GSA Annual Meeting in Indianapolis, Indiana, USA - 2018

Paper No. 270-17
Presentation Time: 9:00 AM-6:30 PM

LONG-TERM GEODETIC AND GEOCHEMICAL MONITORING OF THE LOWER EAST RIFT ZONE, KILAUEA VOLCANO, HAWAII: A FRAMEWORK FOR INTERPRETING ERUPTION BEHAVIOR OF EARLY PHASES OF THE 2018 ERUPTION


LUNDBLAD, Steven P., GANSECKI, Cheryl and ANDERSON, James Lee, Department of Geology, University of Hawaii at Hilo, 200 W. Kawili Street, Hilo, HI 96720

Geodetic and geochemical monitoring of the Kilauea volcano provided the basis for near real-time prediction in the rapidly changing eruptive environment of the 2018 Lower East Rift Zone (LERZ) eruption. Comparison with baseline deformation and composition allowed us to assess the emerging hazard during the volcanic crisis event.

Twenty-five years of high-precision line leveling on a dense benchmark network in the LERZ identified subtle movement on structural elements that proved to be important factors controlling fissure eruption location and style during the first two weeks of the 2018 eruption. Early stages of the eruption opened 24 short-lived fissures before Fissure 8 became dominant. Fissures 1-15 were confined to an area west of Pohoiki Rd., closely aligned with a subtle long-lived cross structure to the LERZ as determined by our annual leveling campaigns. This structure became a significant seismic and eruption barrier during the opening of eruptive fissures in the area.

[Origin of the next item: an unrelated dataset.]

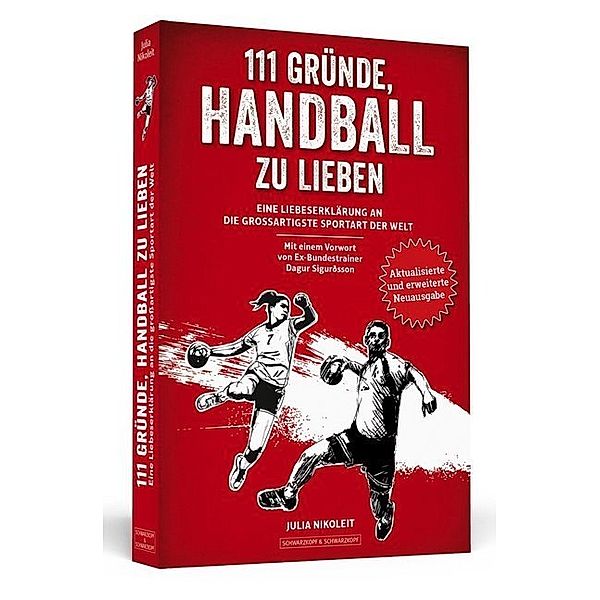 111 Gründe, Handball zu lieben, Julia Nikoleit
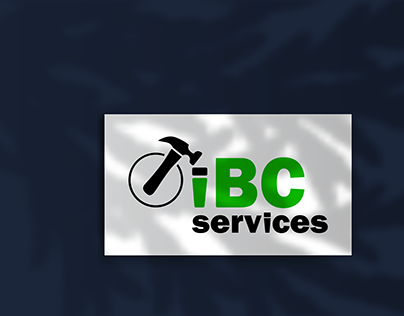 IBC Services Logo Design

Magma was emplaced in a dike that extended from Pu`u O`o to the Leilani Estates subdivision. As fissures opened in this populated area, six years of near real-time, long-term geochemical monitoring of volcanic products from Kilauea using EDXRF provided the critical background information needed to assess the evolving eruption.

We were able to correctly identify cooler rift-stored magma and identified the most evolved lava to erupt from a Hawaiian shield volcano. Early eruptions were likely triggered by dike emplacement pushing older, cooler lava to the surface. These lavas have chemical compositions consistent with older flows emplaced in the area. Our analyses show that the opening of fissure 16, to the east of the Pohoiki Rd. structure, signaled the onset of dike advancement and the eruption of hotter, less evolved magmas to the surface and had potential to flow long distances. These observations gave warning to emergency response personnel on the change in the eruption to larger flows that cascaded down the south side of Kilauea and entered the ocean. On May 23, we identified a major change in lava composition to much hotter, more fluid lava about 5 days before the catastrophic vent 8 flows began. This is significant in that it is the first time that compositional data has been integrated into eruption monitoring on a quasi-real-time basis.